Queen Lizzy’s

A good friend of mine, Matt Poulton, is a British chef living here in the wilds of Kansas. (Love will do strange things to you, apparently — he’s married to a local.)

He’s getting read to launch a new restaurant here in Lawrence — a traditional English fish-and-chips joint (AKA a chippy). Fish, chips, bacon butty, battered sausage, doner kebab, curry, etc. — wonderful stuff. He’s got a space lined up, and is currently running an IndieGoGo project (similar to Kickstarter, which you’re quite aware of if you’re reading my blog) in order to give him a bit of a launch cushion — helping secure some new equipment, do a bit of renovation, etc.

I would VERY MUCH like to see this succeed. Please consider chucking a few dollars his way — he’s got some nice rewards, even if you’re not local to the area. Every little bit helps. (Full disclosure — I’m involved in this as well: I’m handling his graphic design (did his logo, for example) and consulting on marketing & operations.)

You can check out the project (including the promo video that I put together) by clicking here and visiting his page on IndieGoGo.

I WANT TASTY NOMS. MAKE THIS HAPPEN.

Er…I mean: please. (Must be polite. Must always be polite.)

Friday Music

Hoping to get back onto a regular schedule with these, now that the madness of Summer is drawing to a close.

A couple of weekends back, I found myself listening to the local alternative radio station’s “Resurrection Sunday” broadcast: a four-hour block of “classic alternative” (i.e. what we used to call “new wave”, “punk”, and “college rock.”), which had me digging back through my collection, and has led me to a desire to do an 80s-themed Friday Music. I hope you bear with my sad, 40something nostalgia.

First up, my favorite track from Berlin’s Pleasure Victim album, almost always ignored in favor of the far more popular “Sex.” This song, though, remains not only my favorite from that album, but my favorite Berlin song, period (narrowly edging out “The Metro”). Berlin – “Masquerade.”

Spooky, ethereal, odd, and just plain KATE. Before “Who Let the Dogs Out”, she was pretty much one of the only folks who could get away with vocalizations of barking in a song… Kate Bush – “Hounds of Love.”

I discovered Shriekback through the Michael Mann movie “Manhunter.” This soon became my favorite song of theirs. “Priests and cannibals, prehistoric animals, everybody happy as the dead come home…” Shriekback – “Nemesis.”

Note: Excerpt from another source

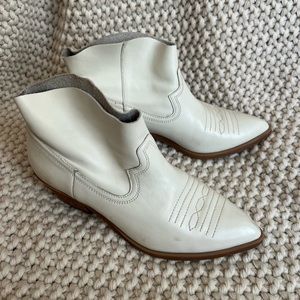 Treasure & Bond White cowgirl booties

The lead track on a mix tape given to me by my high school girlfriend. I knew it was The Church, and I knew the title of the song, but it took the invention of the Internet for me to track down the album. The Church – “Unguarded Moment.”

The first song I ever heard from Sinead O’Connor’s debut album The Lion and The Cobra, before she became mainstreamed, the butt of jokes, and villainized for being one of the first to protest the Catholic Church’s cover-up of the abuse of children. Her anger, her energy, her howl, it’s all in this first single. Sinead O’Connor – “Mandinka.”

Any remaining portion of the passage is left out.